有一次,巴珠仁波切流浪到德格县境内噶陀附近山区,那儿有好几座大舍利塔(那是巨大似钟形的纪念建筑,内供养着佛教大修行者的舍利),巴珠在那里受到一位嘉绒老喇嘛热诚地招待。
巴珠和喇嘛交谈,嘉绒喇嘛告诉这位看似虔敬的行脚僧──隐名的巴珠说:“你似乎对佛法很有兴趣,关于实际的修行,你懂多少呢?”
博学且有大成就的巴珠回答:“仅一点点。这些年来,我有幸听到的,仅是零零星星罢了。的确,正法是深不可测,而且浩瀚无边。”
老喇嘛告诉巴珠:“听着,有一本经典,很详细地解释佛法教义的基础,有许多有趣的逸事和精扼见解。它是证悟的上师巴珠仁波切的近作,书名叫《普贤王如来言教》,如果你愿意,我可以解释给你听。”
巴珠仁波切似乎很乐意。老喇嘛教他,四种思维可以从轮回(世间)转心向法,和书上前面几章,关于口述传承主要教法的几个重要论题,这些都是巴珠他自己亲自收集的。老喇嘛很高兴有这么一位认真的学生,更是尽心尽力地详细解说每一件事,彼此都很快乐。
几天后,每个人都听说著名的巴珠仁波切将在附近的噶陀寺说法。巴珠本人花了许多时间去绕舍利塔──在他神圣的看法,舍利塔是过去、现在和未来所有证悟者的所在地。有些来自札秋喀的喇嘛也正在绕塔,看见巴珠,立刻就认出他来,都跪倒在尘土中向他礼拜。每个人都很高兴:尊贵的巴珠已经到达。

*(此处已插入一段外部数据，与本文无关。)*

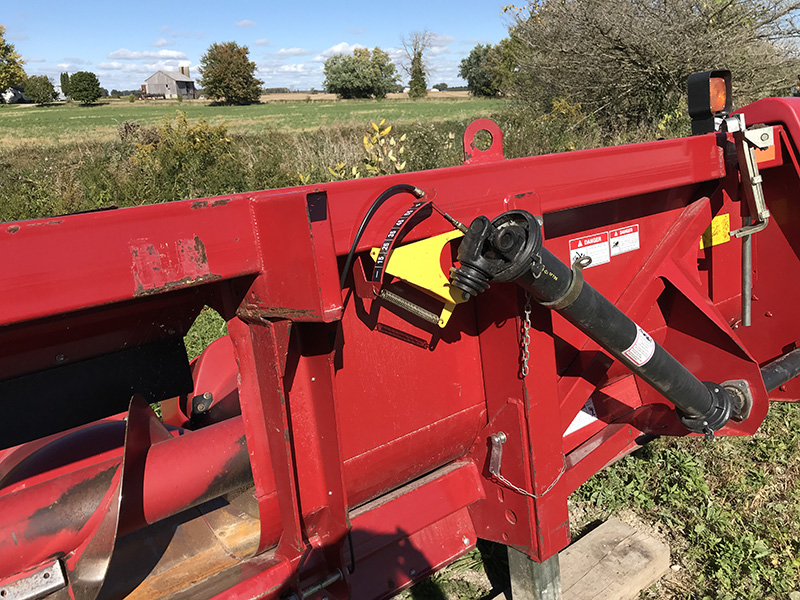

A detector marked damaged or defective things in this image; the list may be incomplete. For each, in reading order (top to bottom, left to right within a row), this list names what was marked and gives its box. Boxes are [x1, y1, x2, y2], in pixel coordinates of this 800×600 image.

rust spot [25, 464, 119, 540]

那晚,嘉绒喇嘛从市场回来,告诉所有的人,巴珠仁波切本人已经来到噶陀地区,并且很快将在寺院讲经说法的好消息。他转向群众中匿名的行脚僧说:“那本我们正在研读的书,它的开悟作者离我们这么近,这不是太好了吗?”
巴珠似乎一点也不在意。“或许是他,但从另一方面来看,也可能不是……谁晓得呢?到底这巴珠有什么特殊的呢?他可能只是一个平庸的喇嘛;诚如佛陀开示:‘依法不依人。’”

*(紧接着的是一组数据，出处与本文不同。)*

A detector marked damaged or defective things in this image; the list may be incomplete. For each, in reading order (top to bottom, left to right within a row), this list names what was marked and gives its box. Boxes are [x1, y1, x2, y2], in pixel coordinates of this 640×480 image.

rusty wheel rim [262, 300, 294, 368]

老喇嘛打着他,并且叫道:“你胆敢对你师长如此回嘴?我们真该把你赶出这公正的住所!你应该对我们尊贵的上师──巴珠仁波切活佛,更尊敬些。”
两天后,巴珠仁波切在噶陀寺弘法宝座升座,面对着群众数千人。当嘉绒喇嘛看到他先前的学生,庄严地坐在法座上,立刻了解之前所发生的一切,他很羞愧,困窘地离开,再也不曾出现于噶陀地区。
后来,这件事传到巴珠耳里,他微笑地说:“这太糟了,或许他的确生我的气,然而,他为我解说《普贤王如来言教》四种从轮回中转心向法的思惟,是很精辟,那也是我从未厌倦的思惟。我真诚地希望并祈祷我仁慈的老师──嘉绒喇嘛,能获得至高的宁静,并希望与我有关的所有众生,都能一齐得到开悟。”
〖《加行指导·普贤上师言教集》,是竹庆寺巴格活佛──巴珠吉美却吉旺波所著《法界精义》的加行指导。书中叙述包括共通外加行、不共内加行、修行根本次第、捷径往生支分等在内的各种所缘次第。〗
【闹鬼的堡垒】
巴珠仁波切,以背诵方式,详细讲解寂天的《入菩萨行论》,不下百遍,《入菩萨行论》是梵文长卷的古典经典。他自己也为《入菩萨行论》做注解,阐扬菩提心的基本要义及六波罗蜜,这是西藏古典经典。
在他创作丰富一生的后半段,大师誓言不再在户内睡觉,且生活得如一个行乞的瑜伽士。巴珠是素食者,不曾骑马或榨取驮兽之力、不累积财富、不用侍从,他是大悲观世音的真正化现。巴珠也是寂天菩萨的化身。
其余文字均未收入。